Banish the bricks. Pitch the plastic. Toss the railroad ties. Instead, frame your garden with unexpected edging options that express your personality and keep the rest of the plants (including the lawn) in check. As you consider which materials to use, choose items that can stand up to whatever Mother Nature cares to spit out in the form of sun, wind, and rain.
Obviously moisture resistant, shapely seashore finds, like these large quahog clam shells, require a concrete footing to keep them upright. Dig narrow trenches about four inches deep, and fill them with mixed concrete. Insert the shells into the concrete. After it dries, cover the concrete with dirt.
Turn these warmly colored gardening staples upside down or sideways to create your border. Look at yard sales for inexpensive terracotta pots that are cracked, chipped, or being discarded for lack of interest. Consider it a bonus if they’re covered with moss.
Get striking results by lining your flower bed with discarded bowling balls. Alternate the balls with straight-edged pavers to give each gloriously swirled orb its own chance to shine.
Plant glass bottles—neck down—at the garden’s edge to add sparkling splashes of light. Make sure you insert the bottles at least halfway to keep them vertical.
Beautifully blue-green, vintage glass electrical insulators possess all the light-catching qualities of bottles.
But these antique objects are heavy enough to line up on the ground as edging—without needing to dig a trench.
Define a garden border while adding a colorful sparkle with an outline of sea glass or tumbled glass aggregate or cullet. Here a river of hard aqua glass chips creates an appealing contrast between the strappy fronds of deep green grasses and soft mounds of chartreuse moss.
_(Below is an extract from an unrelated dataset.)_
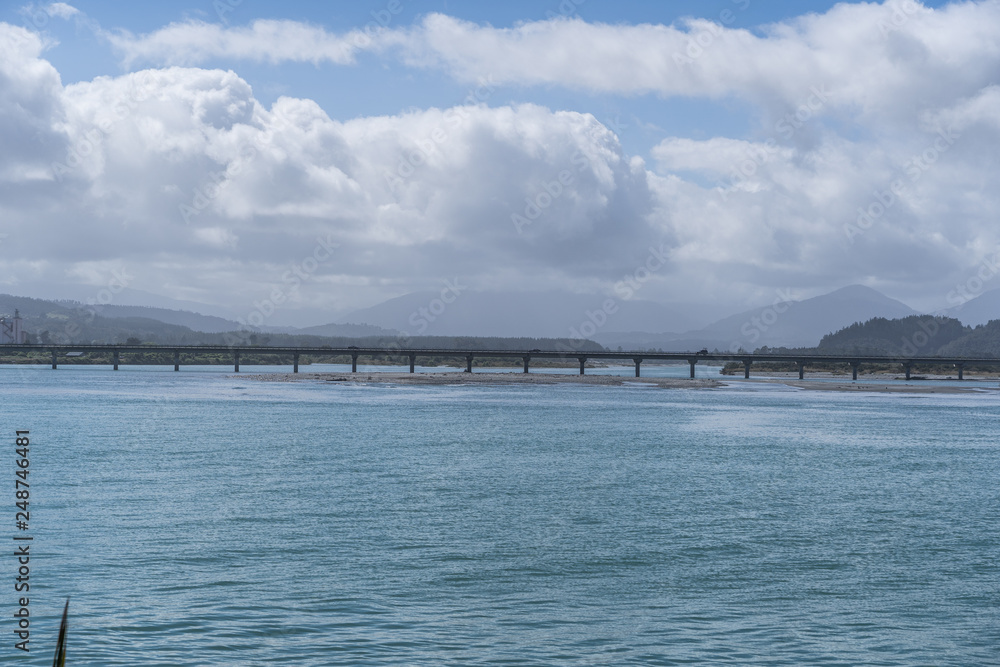 long bridge in New Zealand with blue sky background und the ocean in the foreground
Add flair with a border made of vintage plates. Embed them halfway into the dirt or mount them in a slim concrete trench.
Wood edging cut from construction leftovers makes a pretty edging when painted in aqua. The wood pieces in alternating heights are stapled to landscape edging, placed in a narrow trench around the garden bed, and backfilled for sturdiness. Vintage aluminum cookie cutters in animal shapes make a whimsical addition to the border.
Each cookie cutter is glued in place with epoxy. Then, a small screw is inserted into the wood to secure it.
Iron pipes edge and elevate at once. Buried in a surrounding trench and standing upright side-by-side as a garden border, the pipes are filled with cactus potting mix, planted with succulents, and mulched with pea gravel.
Let your artistic juices flow and jazz up basic concrete garden edging with mosaic tiles. Break up chipped ceramics such as plates, cups, vases, etc. to create designs with individuality.
Give rock edging more contemporary styling with a low gabion wall. Metal mesh panels are attached to sturdy wood posts to hold the heavy rock filler. Unless you’re up for a challenge, this option might best be turned over to a landscaper!
Make a unique edging out of old metal wheels and discs. The salvaged materials are wired together, then wired to rebar stakes pushed deep into the ground.
Drive your garden decor with a funky-junk border built from old license plates—the brighter, the better. We planted them horizontally next to a sidewalk’s edge for stability.
Sans automobiles, these metal disks look like circular abstract sculptures. Collect hubcaps of different sizes and designs; their silvery finish will unify the look to create a cohesive, yet visually interesting, border. Dig a trench and bury the hubcaps to the midway point. Backfill with dirt to hold the hubcaps steady.
Help ease the strain on landfills. Saw discarded tires in half. Install the sawed edges in a trench about 4 to 6 inches deep, then backfill each side with dirt. Placed end-to-end, the tires’ semicircular arcs create a raised border.
Sometimes the most intriguing edging materials are the most natural ones. If you want to use plants to edge your garden, look for those that fill in gently without running rampant. Here are some candidates.
Alyssum is dainty and dense. Plus, it’s great at softening hard edges.
Veronica offers long thin blooms and some of the clearest blues in the world of perennials.
Lamb’s ears add fuzzy silvery-gray foliage to the garden’s palette.
Black mondo grass provides 12 months of striking black foliage.